La  Sala Civil-Familia  del  Tribunal Superior de Ibagué denegó el resguardo al  concluir que el trámite de la oposición formulada por  Johana Zamudio respecto a la entrega del vehículo estuvo  ceñido a lo reglado en el artículo 338 del Código  de Procedimiento Civil, y que frente al proveído de 28 de  marzo de 2014, que la declaró fundada, el actor interpuso  tardíamente los recursos de reposición y en subsidio de  apelación, aunado a que posteriormente formuló  inapropiadamente el de queja, pues no solicitó reposición  de la denegación de la concesión de la alzada sino que  «se  limitó a pedir que se expidieran copias»,  dejando «pasar  esa oportunidad procesal para que el superior hubiera revisado la  actuación»,  por lo que era evidente la improcedencia del resguardo al observar  que el inconforme no agotó ante el juez natural los medios  ordinarios de defensa con los que contaba para su cometido (fls. 114  a 120, cdno. 1).  

LA IMPUGNACIÓN  

El  accionante opugnó el aludido fallo argumentando que es  evidente la estafa de la que es víctima por parte de German  Antonio Navarro Giraldo, que los diferentes abogados que contrató  para su representación en el curso del proceso fustigado «lo  único que hicieron (…) fue robar[lo]»,  y que debe investigarse a los titulares de los despachos encartados y  a los magistrados que conforman la Sala de Decisión que  resolvió la tutela en primera instancia, toda vez que siempre  que reclama sus derechos los funcionares judiciales le endilgan la  responsabilidad de su situación a los apoderados que ha  constituido, pero a pesar de advertir la culpabilidad de esos  profesionales «no  los investigan (…) [ni] los emplazan ante el [C]onsejo  [Superior] de la [J]udicatura o el [C]onsejo de [E]stado».  

Adicionalmente,  solicitó ser citado para aclarar ante esta colegiatura los  hechos en que fundamenta el resguardo constitucional que reclama  (fls. 126 a 131, cdno. 1).  

CONSIDERACIONES  

1.        Al  tenor del artículo 86 de la Carta Política, la acción  de tutela es un mecanismo instituido para la protección de los  derechos fundamentales, cuando sean conculcados o seriamente  amenazados por la acción o la omisión ilegítima  de una autoridad pública o, en determinadas hipótesis,  de los particulares, siempre y cuando el afectado no disponga de otro  medio de defensa judicial.  
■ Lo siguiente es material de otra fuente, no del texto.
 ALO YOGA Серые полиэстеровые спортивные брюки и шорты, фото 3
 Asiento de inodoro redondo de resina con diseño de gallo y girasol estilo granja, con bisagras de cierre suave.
Por  línea jurisprudencial se ha señalado que, en línea  de principio, esta acción no procede respecto de providencias  judiciales, salvo que el funcionario adopte una decisión por  completo desviada del camino previamente señalado, sin ninguna  objetividad, afincado en sus particulares designios, a tal extremo  que configure el proceder denominado «vía  de hecho»,  situación frente a la cual se abre camino el amparo para  restablecer los derechos fundamentales conculcados, siempre y cuando  se hayan agotado las vías ordinarias de defensa judicial, dado  el carácter subsidiario y residual de la acción de  tutela y, por supuesto, se observe el requisito de la inmediatez  connatural a su ejercicio.  

2.        Del  examen de la demanda de amparo de entrada advierte la Sala que a  pesar de que el actor no invoca como conculcado el derecho al debido  proceso, sin duda alguna busca su resguardo, pues la queja recae  sobre el auto de 28 de marzo de 2014, por el cual el Juzgado Quinto  Civil del Circuito de Ibagué declaró fundada la  oposición que planteó Johana Zamudio frente a la  entrega del vehículo de placas UTW – 426 (fls. 22 a 24, cdno.  1); determinación que, en sentir del promotor, secunda la  estafa de la que fue víctima por parte de German Navarro,  quien no le pagó ni le devolvió el vehículo que  le entregó con ocasión del contrato de permuta que  mediante sentencia fue declarado absolutamente nulo, máxime  cuando la posesión aducida por la opositora que salió  victoriosa deriva de esa convención.  

Inconformidad  que hace extensiva al proveído de 3 de julio de 2014, por el  cual dicho juzgado dispuso no reponer aquella determinación y  denegar la concesión del recurso de apelación planteado  contra la misma, bajo el argumento que tales censuras fueron  formuladas en forma extemporánea por parte del actor (fls. 9 y  10, cdno. 2).  

3.        Luego,  de los medios de convicción obrantes en las presentes  diligencias,  de cara al derecho al debido proceso, anticipa  la Corte la procedencia del resguardo deprecado y, por ende, la  revocatoria de la decisión de primer grado, pues, en verdad,  el Juzgado Quinto Civil del Circuito de Ibagué incurrió  en un yerro de naturaleza protuberante al adoptar la decisión  referida a espacio, al dar por sentado, erróneamente, que los  recursos interpuestos por el gestor frente al proveído de 28  de marzo de 2014 eran extemporáneos, cuando ello no es cierto,  con lo que omitió volver sobre su decisión inicial e  incluso impidió que el Superior entrara a revisarla.  

En  efecto, nótese que el proveído de 28 de marzo de 2014,  ante la solicitud de la opositora (fl. 4, cdno 2), fue adicionado  mediante auto de 8 de abril de 2014 (fl. 16, cdno. 1), luego,  atendiendo lo reglado en el artículo 331 del Código de  Procedimiento Civil, la firmeza de la primera decisión «sólo  se produciría una vez ejecutoriada»  la segunda1.  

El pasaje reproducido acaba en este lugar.